* Task instructions:
Both the line containing "Silk - Light" and the line containing "Mocassins de ville" belong to the span. Output exactly that span from the listing below, and nothing outside it.
──────── Material to process ────────
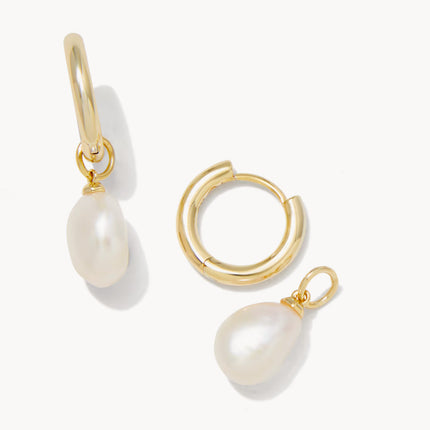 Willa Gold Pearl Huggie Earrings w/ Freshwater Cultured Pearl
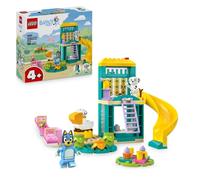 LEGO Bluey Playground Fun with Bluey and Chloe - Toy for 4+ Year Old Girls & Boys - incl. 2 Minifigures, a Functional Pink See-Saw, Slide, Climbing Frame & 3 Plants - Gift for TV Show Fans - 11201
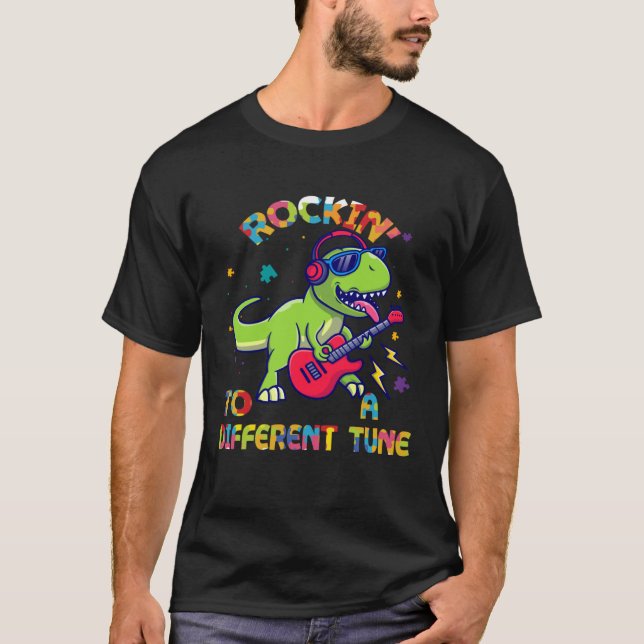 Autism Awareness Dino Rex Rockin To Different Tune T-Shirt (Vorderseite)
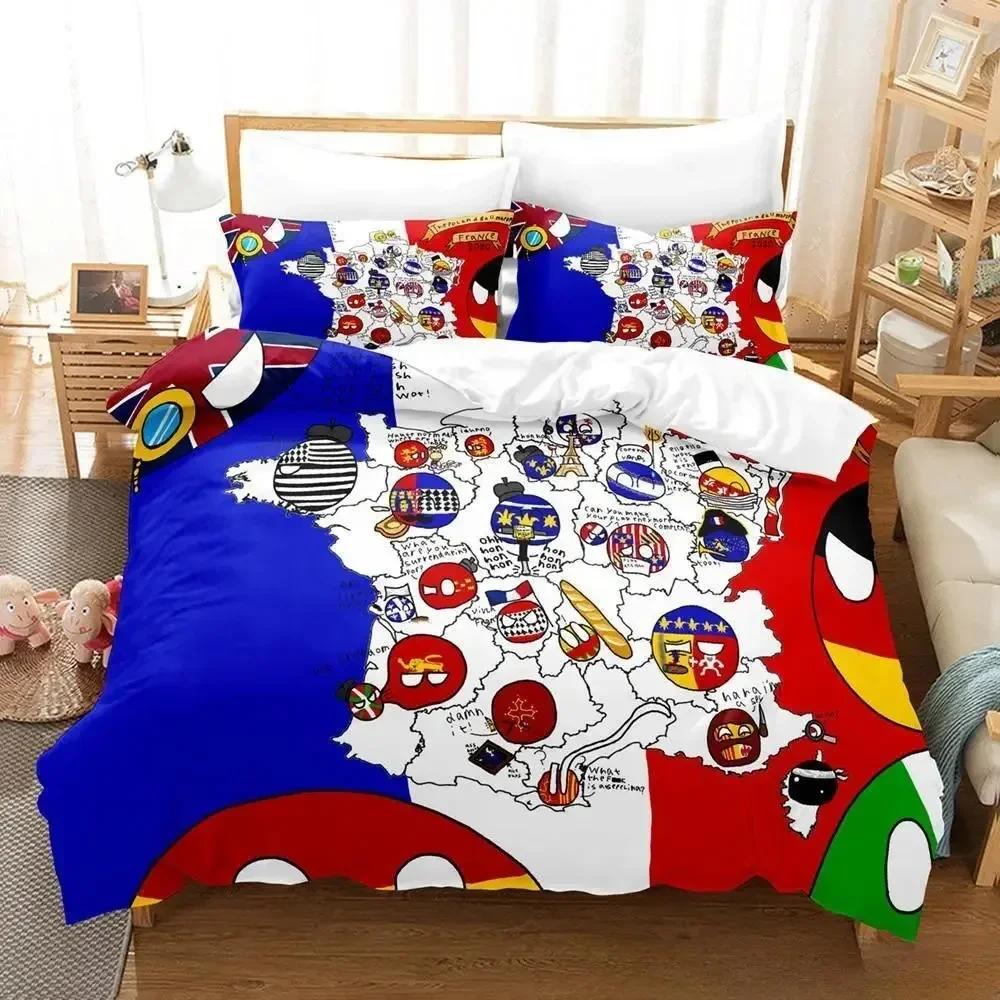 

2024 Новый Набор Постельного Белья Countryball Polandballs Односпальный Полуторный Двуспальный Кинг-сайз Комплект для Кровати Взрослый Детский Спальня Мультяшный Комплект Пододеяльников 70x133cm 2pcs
────────
──────── Material to process ────────
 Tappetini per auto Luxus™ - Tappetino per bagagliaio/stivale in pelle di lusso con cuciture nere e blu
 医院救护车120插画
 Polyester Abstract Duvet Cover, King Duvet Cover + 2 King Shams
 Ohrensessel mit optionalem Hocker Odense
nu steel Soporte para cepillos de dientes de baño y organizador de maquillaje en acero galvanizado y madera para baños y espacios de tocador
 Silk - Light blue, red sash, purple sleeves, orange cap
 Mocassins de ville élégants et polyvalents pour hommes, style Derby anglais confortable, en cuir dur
────────
* Solution to the problem:
 Silk - Light blue, red sash, purple sleeves, orange cap
 Mocassins de ville élégants et polyvalents pour hommes, style Derby anglais confortable, en cuir dur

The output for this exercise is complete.